Já Ozeias de Souza, que concorre a deputado estadual pelo Republicanos em Mato Grosso, não declarou um ultraleve que tem registrado na Anac desde 2010. Seu nome de urna é Comandante Ozeias de Souza e sua profissão declarada, piloto de avião.
Ele disse que houve um erro no momento de preencher a declaração e que a aeronave acabou sendo registrada como um veículo terrestre por engano.
— A pessoa que fez a digitação, na hora de escolher o código de veículos, em vez de aéreo, digitou “terrestre”, mas o valor do bem, que é o mais importante, está correto.
Neste ano, o Tribunal Superior Eleitoral (TSE) não está divulgando a descrição dos bens dos candidatos, alegando um impedimento pela Lei Geral de Proteção de Dados (LGPD).
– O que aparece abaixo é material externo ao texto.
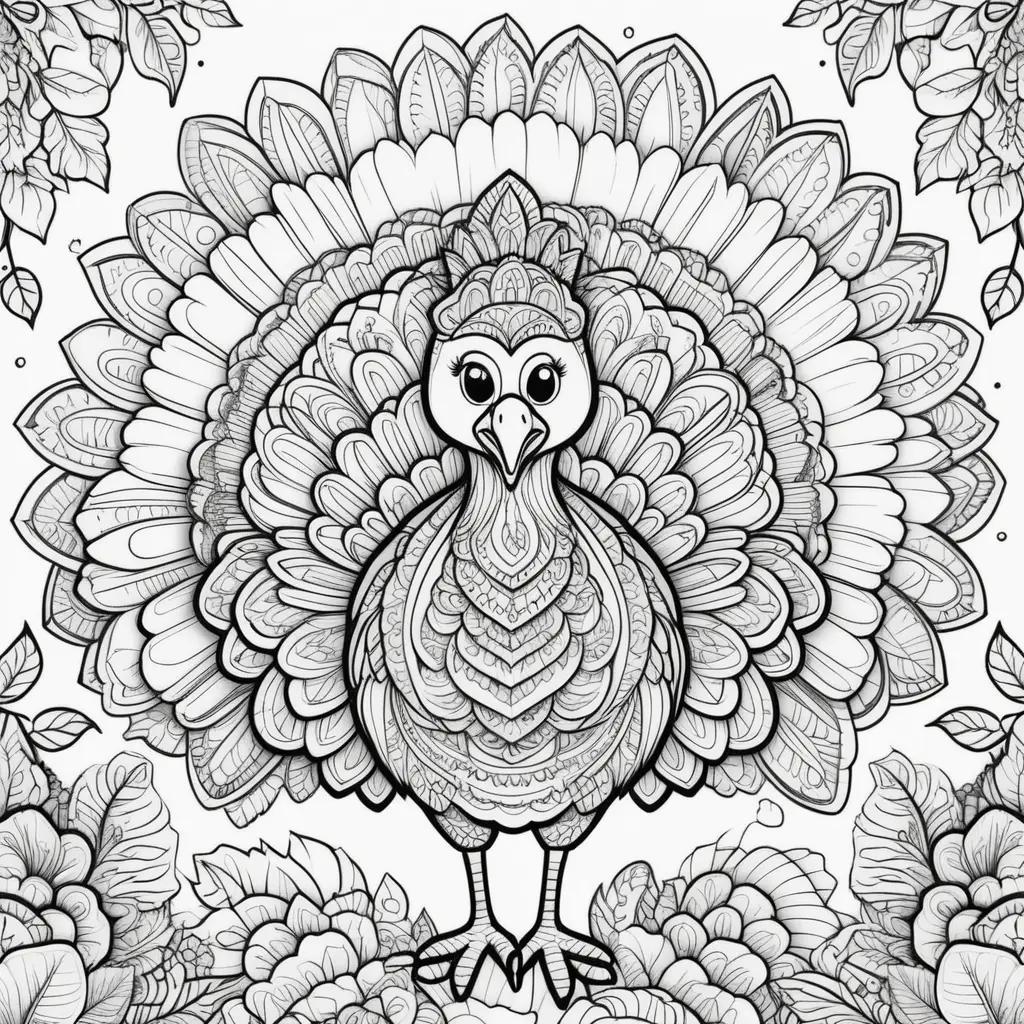 Coloring pages of a turkey with intricate details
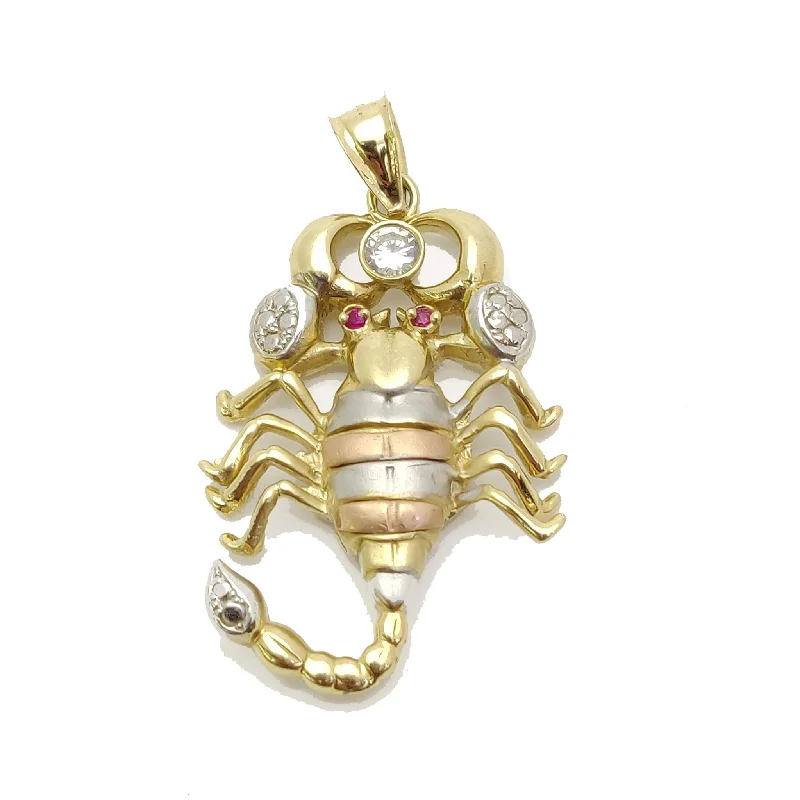 Rhinestone - Encrusted Crown Pendant for Little Girls' Dress - UpTri-Tone Scorpion CZ Pendant (14K).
Por isso, mesmo quando os candidatos declaram os bens, é possível verificar o tipo (“aeronave”) e um valor atribuído, mas não se é um helicóptero, jatinho ou avião comercial, por exemplo.
Antônio Ribeiro Junior, advogado eleitoral e membro da Abradep (Academia Brasileira de Direito Eleitoral e Política), diz que a Justiça eleitoral tem considerado casos de omissão de patrimônio como crimes de falsidade ideológica. A falta de informações pode impactar porque o limite do autofinanciamento eleitoral é calculado com base no patrimônio declarado, inclusive.
— O tribunal tem decidido de forma bastante reiterada que a atualização ou desatualização do valor monetário não tem o potencial lesivo para constituir o crime de falsidade ideológica, mas deixar de declarar um valor sabidamente existente pode configurar o crime.
Para Ribeiro Junior, a interpretação do TSE de que a LGPD impede a divulgação da descrição dos bens, que tem sido seguida pela Corte neste ano, não tem base legal. Especialistas tem criticado a falta de transparência sobre o patrimônio dos candidatos nessas eleições.
— A LGPD permite que qualquer pessoa autorize aquele que trata os dados pessoais. No ato do registro, quando o candidato envia as informações, ele também está autorizando a Justiça Eleitoral a tratar os seus dados.
O candidato a deputado federal Anax Pezzi, do Republicanos no Rio Grande do Sul, disse que declarou seu helicóptero como um item de R$ 80 mil com a categoria “outros bens móveis” por engano e que, por isso, ele não aparece em seu patrimônio.
— Devem ter digitado errado. Mas está lá.
O jornal diz que também não conseguiu contato com Alexandre Silveira, candidato do PT a segundo suplente de senador na Paraíba que não declarou ao TSE seu avião monomotor; e com o empresário Willian do Potência, candidato a deputado federal pelo União Brasil no Pará que também deixou de declarar um helicóptero.
Regis, candidato a segundo suplente de senador pelo Cidadania no Ceará, disse através de seu advogado que, seguindo a interpretação de que não seria obrigado a fornecer detalhes neste ano sobre seus bens devido à LGPD, registrou seu ultraleve como “outros bens e direitos”, mas que faria uma retificação caso necessário.
O candidato Delegado Francisco, concorrendo a deputado federal pelo PSDB em Pernambuco, tem um ultraleve registrado na Anac. Ele diz que o vendeu “há muito tempo” e, por isso, o bem não consta no patrimônio que listou ao Tribunal Superior Eleitoral.
— Nem sabia que ainda estava no meu nome. Isso não é um avião, é um equipamento bem simples. Certamente a pessoa que comprou não passou para o nome dele. Eu vendi por uns R$ 20 mil na época, há muito tempo. Deve estar valendo uns R$ 25 mil.